This Sony PlayStation patent shows a new way to make games more accessible

A new patent from Sony Interactive Entertainment reveals a
detachable controller pad that would make games more comfortable to play for
people who are blind or have low vision.

The device, as outlined within the patent, seems like a
rectangle with rounded edges (and sometimes a button, counting on which
illustration you are looking at). It’s designed to either be fitted over or
replace the DualShock 4 controller’s standard touchpad entirely, with some key
additions. They include a series of haptic feedback mechanisms, like localized
rumble and pins that push up a versatile layer to offer players tactile
feedback from the sport. Though all the illustrations use a DualShock 4, the patent
confirms it could even be used with PS5.

The primary example cited within the patent is that the
Huldra Shop screen from God of War. With its small text scattered across
multiple windows, it might not be straightforward to parse with standard
accessibility tools like an in-game magnifier. The very fact that the shop is a
component of the sports world with its dialogue also interferes with automated
text-to-speech solutions, causing players to miss out on incidental dialogue or
need to sit through repeated readings of equivalent information.
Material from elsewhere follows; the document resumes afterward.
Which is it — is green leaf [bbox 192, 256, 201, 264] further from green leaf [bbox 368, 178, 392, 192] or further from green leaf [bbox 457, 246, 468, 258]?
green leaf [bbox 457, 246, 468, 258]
The detachable pad could output braille versions of the
on-screen information, even including its little control input, to advance
through text. It could also create tactile versions of in-game symbols and even
animate them; for instance, a series of arrows moving upward across the pad
could indicate that a bit of drug will improve your stats. The pad would still
support touch feedback, so you’ll use it to form choices also as reading
through them.

Though the tactile pad would usually be fitted over or in
situ of the touchpad, the patent also confirms that it might be mounted to
different areas of the controller to support comfortably reading text with
fingers instead of thumbs. All that said, as is common for patents, this is
often not a confirmation that Sony will ever actually make a product resembling
this particular invention.

With the Xbox Adaptive Controller already helping to form games more accessible, it would be rad if this became a neighborhood of focus as we move to next-gen consoles.